Law of Large Numbers: Formula and Examples

Key Insights

• The Law of Large Numbers guarantees that sample averages converge to expected values as sample size increases, forming the mathematical foundation for statistical inference and Monte Carlo methods • The weak law proves convergence in probability while the strong law proves almost sure convergence—a subtle but important distinction that affects how we reason about long-run behavior • Understanding LLN prevents critical errors like the gambler’s fallacy and helps engineers determine appropriate sample sizes for A/B tests, simulations, and machine learning experiments

Introduction to the Law of Large Numbers

The Law of Large Numbers (LLN) is one of the most fundamental theorems in probability theory, yet it’s frequently misunderstood by practitioners. At its core, the law states that as you increase your sample size, the sample mean converges to the expected value (theoretical mean) of the distribution. This isn’t just mathematical curiosity—it’s the principle that makes statistical inference possible.
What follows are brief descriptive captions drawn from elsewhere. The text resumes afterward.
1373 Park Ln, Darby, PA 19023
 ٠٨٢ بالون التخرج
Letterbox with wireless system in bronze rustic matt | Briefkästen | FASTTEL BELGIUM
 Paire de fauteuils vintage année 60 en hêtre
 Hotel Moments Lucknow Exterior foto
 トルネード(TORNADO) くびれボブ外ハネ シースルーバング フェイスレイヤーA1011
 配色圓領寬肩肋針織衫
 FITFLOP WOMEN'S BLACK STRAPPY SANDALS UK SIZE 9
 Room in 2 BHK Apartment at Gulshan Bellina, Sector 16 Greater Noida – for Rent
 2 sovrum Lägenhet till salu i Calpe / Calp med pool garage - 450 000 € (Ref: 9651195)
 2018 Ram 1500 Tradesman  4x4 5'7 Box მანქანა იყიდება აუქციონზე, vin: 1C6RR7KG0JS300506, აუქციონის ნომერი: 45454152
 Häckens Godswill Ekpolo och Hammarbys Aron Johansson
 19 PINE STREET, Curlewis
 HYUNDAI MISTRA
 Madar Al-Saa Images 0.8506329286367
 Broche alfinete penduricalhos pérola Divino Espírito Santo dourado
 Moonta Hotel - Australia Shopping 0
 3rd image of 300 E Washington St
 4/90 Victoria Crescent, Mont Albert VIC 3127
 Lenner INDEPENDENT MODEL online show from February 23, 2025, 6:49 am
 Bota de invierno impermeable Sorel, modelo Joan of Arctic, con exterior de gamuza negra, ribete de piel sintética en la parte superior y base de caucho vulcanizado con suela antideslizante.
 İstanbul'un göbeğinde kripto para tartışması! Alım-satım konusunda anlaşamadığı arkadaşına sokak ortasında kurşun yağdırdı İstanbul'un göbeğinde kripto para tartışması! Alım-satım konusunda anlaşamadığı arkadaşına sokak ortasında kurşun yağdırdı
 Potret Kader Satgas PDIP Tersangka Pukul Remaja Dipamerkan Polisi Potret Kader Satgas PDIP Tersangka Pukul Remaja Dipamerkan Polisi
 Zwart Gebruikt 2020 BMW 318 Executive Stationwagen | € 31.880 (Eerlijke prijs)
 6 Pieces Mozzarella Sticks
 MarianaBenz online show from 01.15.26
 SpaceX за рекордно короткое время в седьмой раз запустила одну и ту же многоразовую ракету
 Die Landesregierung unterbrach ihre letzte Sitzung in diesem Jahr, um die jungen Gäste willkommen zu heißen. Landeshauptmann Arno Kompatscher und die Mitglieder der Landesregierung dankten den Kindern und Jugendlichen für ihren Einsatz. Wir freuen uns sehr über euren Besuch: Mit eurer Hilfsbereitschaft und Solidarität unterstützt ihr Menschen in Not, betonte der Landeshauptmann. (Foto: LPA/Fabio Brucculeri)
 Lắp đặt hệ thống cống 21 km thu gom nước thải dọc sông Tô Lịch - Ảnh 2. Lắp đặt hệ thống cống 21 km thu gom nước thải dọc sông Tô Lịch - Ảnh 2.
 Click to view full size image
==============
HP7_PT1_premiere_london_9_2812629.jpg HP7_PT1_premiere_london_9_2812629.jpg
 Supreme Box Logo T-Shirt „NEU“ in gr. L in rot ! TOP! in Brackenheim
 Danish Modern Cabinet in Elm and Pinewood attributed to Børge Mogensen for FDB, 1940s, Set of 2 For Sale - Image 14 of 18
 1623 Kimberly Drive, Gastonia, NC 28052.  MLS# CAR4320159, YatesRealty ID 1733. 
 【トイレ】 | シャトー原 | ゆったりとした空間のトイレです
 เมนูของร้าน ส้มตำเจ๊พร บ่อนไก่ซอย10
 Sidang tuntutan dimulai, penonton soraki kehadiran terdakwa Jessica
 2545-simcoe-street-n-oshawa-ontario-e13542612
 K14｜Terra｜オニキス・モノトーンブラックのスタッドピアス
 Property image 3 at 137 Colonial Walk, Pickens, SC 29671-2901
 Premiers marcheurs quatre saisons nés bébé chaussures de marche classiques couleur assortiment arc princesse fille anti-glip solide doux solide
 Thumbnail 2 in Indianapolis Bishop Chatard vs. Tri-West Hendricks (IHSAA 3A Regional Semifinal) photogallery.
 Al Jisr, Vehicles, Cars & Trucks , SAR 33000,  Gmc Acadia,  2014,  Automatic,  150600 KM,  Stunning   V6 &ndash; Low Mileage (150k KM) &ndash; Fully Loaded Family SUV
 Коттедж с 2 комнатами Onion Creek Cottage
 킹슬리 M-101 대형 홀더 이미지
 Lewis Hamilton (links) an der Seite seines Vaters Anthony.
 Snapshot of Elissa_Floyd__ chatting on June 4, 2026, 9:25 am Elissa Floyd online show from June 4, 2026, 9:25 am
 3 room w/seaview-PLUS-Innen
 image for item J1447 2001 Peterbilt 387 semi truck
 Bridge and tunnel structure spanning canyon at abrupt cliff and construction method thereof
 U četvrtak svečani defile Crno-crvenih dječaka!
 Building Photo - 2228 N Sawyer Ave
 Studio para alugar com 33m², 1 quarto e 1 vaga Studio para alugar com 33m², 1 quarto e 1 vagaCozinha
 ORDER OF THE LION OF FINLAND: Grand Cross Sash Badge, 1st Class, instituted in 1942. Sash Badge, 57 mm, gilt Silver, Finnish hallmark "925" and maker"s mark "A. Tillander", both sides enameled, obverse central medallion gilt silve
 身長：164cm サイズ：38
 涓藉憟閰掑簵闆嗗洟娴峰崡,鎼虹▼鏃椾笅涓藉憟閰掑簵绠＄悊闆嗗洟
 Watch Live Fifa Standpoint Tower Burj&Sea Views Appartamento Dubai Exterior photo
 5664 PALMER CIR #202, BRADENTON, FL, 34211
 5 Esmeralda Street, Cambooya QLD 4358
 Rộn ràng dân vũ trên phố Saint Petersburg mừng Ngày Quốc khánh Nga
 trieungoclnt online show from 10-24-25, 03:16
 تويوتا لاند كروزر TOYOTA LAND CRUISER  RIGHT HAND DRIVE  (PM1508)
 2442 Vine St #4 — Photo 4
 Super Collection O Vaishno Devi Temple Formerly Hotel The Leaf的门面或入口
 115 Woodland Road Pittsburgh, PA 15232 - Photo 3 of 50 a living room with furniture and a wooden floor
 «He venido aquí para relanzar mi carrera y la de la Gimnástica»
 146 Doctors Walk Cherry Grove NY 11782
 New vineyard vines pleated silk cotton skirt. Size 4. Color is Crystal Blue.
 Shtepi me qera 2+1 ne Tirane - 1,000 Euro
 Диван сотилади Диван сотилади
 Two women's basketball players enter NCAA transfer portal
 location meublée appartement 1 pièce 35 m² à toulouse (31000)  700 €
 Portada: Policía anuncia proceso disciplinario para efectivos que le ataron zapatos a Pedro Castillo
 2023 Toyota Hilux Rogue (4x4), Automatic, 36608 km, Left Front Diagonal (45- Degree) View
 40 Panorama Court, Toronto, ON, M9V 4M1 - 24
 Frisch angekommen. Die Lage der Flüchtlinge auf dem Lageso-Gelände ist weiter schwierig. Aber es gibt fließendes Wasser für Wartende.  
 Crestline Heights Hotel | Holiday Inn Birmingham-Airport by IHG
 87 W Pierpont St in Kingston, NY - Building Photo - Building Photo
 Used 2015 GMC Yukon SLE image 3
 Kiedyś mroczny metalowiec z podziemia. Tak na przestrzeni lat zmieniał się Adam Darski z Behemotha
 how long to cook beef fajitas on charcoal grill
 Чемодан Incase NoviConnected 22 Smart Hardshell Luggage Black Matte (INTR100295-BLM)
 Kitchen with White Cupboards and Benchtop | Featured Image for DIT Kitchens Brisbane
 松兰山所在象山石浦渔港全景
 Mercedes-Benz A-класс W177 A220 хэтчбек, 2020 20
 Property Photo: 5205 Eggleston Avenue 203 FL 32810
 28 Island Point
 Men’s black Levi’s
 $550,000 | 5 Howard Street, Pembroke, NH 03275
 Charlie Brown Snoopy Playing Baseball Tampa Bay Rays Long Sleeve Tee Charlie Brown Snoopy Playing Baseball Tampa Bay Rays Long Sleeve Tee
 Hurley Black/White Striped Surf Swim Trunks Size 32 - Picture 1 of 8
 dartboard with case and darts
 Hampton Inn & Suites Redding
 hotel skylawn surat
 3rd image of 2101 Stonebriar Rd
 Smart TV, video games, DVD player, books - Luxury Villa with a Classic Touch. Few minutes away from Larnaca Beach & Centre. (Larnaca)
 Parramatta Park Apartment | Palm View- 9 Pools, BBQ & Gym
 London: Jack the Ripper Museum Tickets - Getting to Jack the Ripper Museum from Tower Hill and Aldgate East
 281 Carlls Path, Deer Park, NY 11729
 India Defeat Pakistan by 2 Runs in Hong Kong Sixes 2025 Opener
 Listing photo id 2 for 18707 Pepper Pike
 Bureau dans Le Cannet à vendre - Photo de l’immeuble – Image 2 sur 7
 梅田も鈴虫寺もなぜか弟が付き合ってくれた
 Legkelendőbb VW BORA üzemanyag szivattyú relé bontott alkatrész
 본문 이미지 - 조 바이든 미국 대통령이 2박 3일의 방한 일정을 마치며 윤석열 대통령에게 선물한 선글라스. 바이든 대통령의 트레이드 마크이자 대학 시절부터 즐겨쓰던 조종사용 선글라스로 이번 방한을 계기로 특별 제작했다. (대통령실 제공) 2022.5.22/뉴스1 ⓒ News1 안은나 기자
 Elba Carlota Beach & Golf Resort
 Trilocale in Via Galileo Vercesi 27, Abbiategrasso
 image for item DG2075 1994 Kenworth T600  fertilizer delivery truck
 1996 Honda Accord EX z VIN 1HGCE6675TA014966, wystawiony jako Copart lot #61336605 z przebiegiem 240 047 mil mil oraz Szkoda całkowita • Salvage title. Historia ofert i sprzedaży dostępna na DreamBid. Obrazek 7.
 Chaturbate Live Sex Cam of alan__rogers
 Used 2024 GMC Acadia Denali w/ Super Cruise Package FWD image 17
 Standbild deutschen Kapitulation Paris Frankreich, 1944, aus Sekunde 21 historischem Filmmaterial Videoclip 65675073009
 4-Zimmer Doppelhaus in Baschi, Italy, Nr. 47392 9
There are two forms: the weak law and the strong law. Both guarantee convergence, but they differ in the type of convergence they prove. The weak law states that the probability of the sample mean deviating from the expected value by more than any fixed amount approaches zero. The strong law makes an even stronger claim: with probability one, the sample mean will eventually converge to the expected value.

For software engineers and data scientists, LLN underpins everything from A/B testing to Monte Carlo simulations. It tells us why running more experiments gives us better estimates and why casinos always profit in the long run.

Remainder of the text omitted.